Lexx said:
I always saw it as a pure filler title with the positive side effect to attract to the raging hordes and nothing else.
Curiously enough it improved significantly on the 'original', and I don't mean just characters, dialog, quests and locations.
Crafting was improved significantly, Reloading shells was offered even though it turned out not so essential as it might have sounded, companions offering perks, combat a bit more balanced (perhaps not enough but still more than FO3), and several other features.
It would be nice if in the future NPCs could be made more useful, the player being able to ask companions to lockpick doors the player is unable to open, doing stealth assignments the player is currently not good add, or for example in Boone's case asking him to stay on top of a hill and take anyone out who is approaching you while you try to sneak into a camp of hostiles.
Josan said:
Oh, I know the practicalities regarding Bethesda and the license. I was there before the fall... of Interplay.
But knowing the licensing and legalities doesn't stop me from hoping. I haven't played FO3 and even though it's now $20 in the stores, I still don't intend to. And if any subsequent titles are developed by Bethesda, I doubt very much I'll pick them up.
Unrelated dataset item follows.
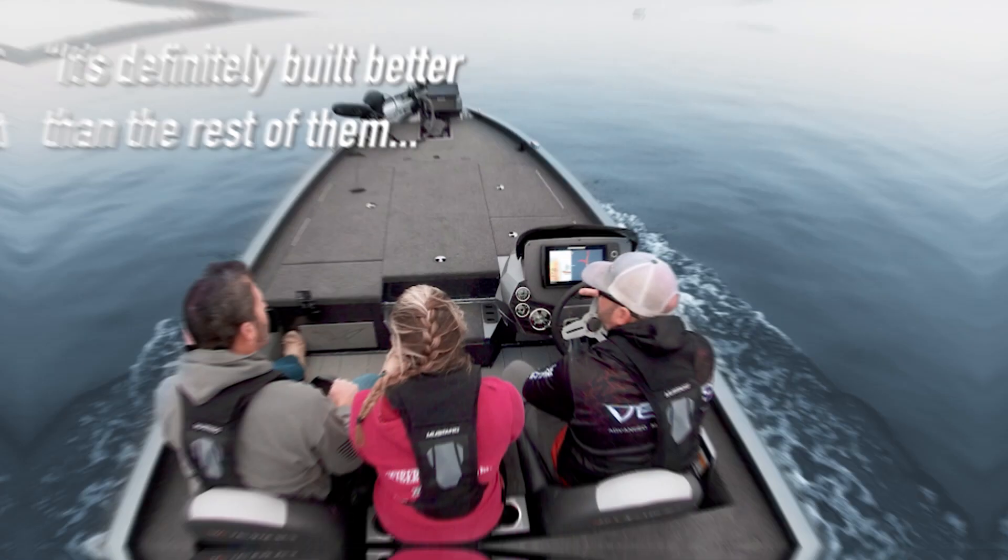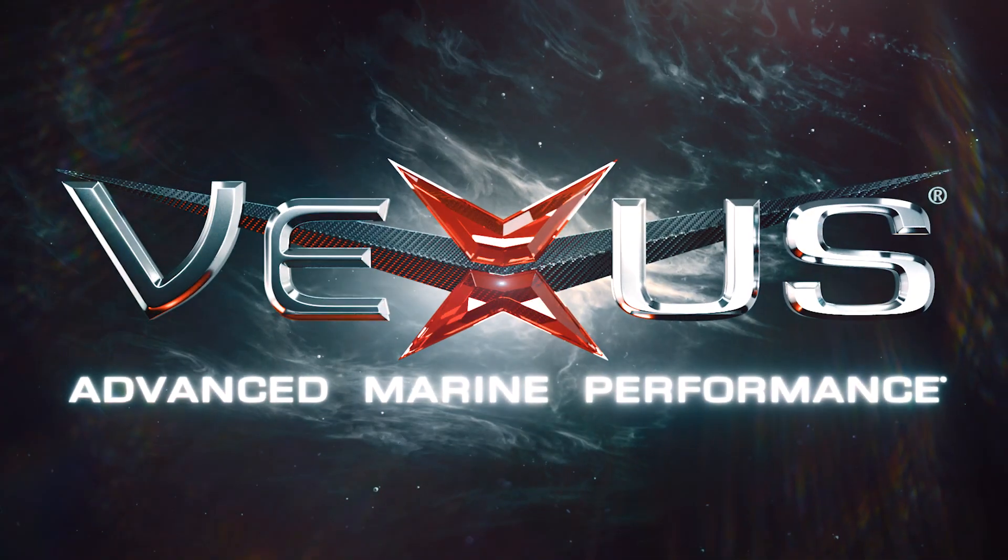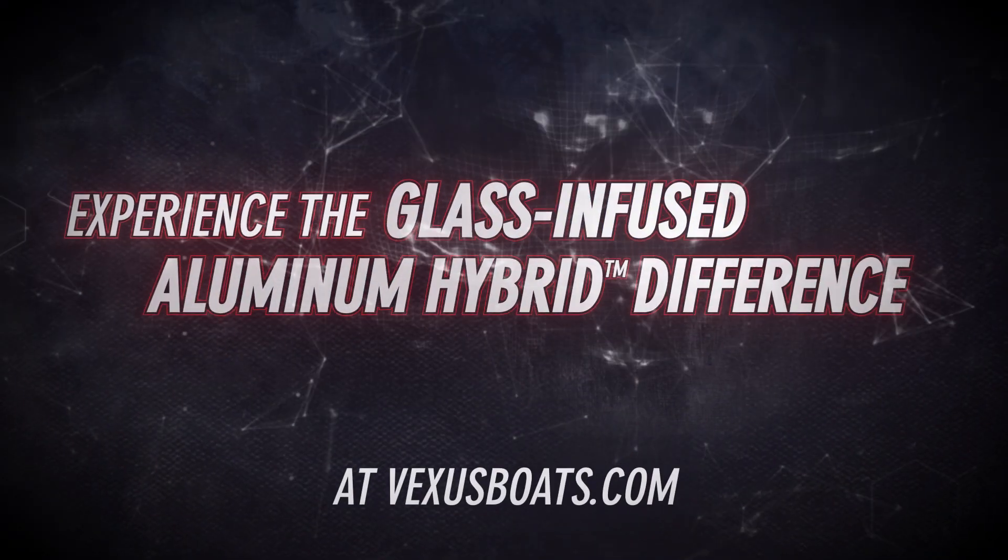You can't tell the difference between a fiberglass and an aluminum. It's definitely built better than the rest of it, that's for sure. There's no comparison. They are top of the game. Straight to the top.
Call it sentimentality or silliness or just personal preference but that's just the way of it for me.
If you lived in the Netherlands and not to far from me I would give you my Collector's Edition of FO3, with the ugly little statue, for free.
After FNV came out I deleted it from my PC and I intend never to install it ever again.
And no, I don't consider it silly in a case like this, you prefer not to buy the game and pay Bethesda for the costs invested into developing Fallout 3.
Sadly it doesn't really affect Zenimax Bethesda, making them reconsider not to assign their in-house team in the future to make more Fallout games.
It would have been nice if the FNV sales had been so good and postively received that Obsidian would be Zenimax's automatic first choice for Fallout games.
The complaints about bugs aside (hell FNV was buggier than FO3 on my PC), a lot were jammering that FNV wasn't more like FO3 with its ' if its cool' approach.
I still remember one journalist complaining about the loads of speech checks in FNV after he had created a characters which tags were all weapon based.
Apparently he expected to go outside, shoot, kill, and maim for the most part and expected characters who reacted to dialog like " [Int]So you are fighting the good fight with your voice" (facepalm)
Another damn thing FO3 did was creating those damn Enclave groupies that infest the NMA forums from time to time.
Just because its cool it doesn't mean it has to be used again as a main enemy or major faction the whole time dammit!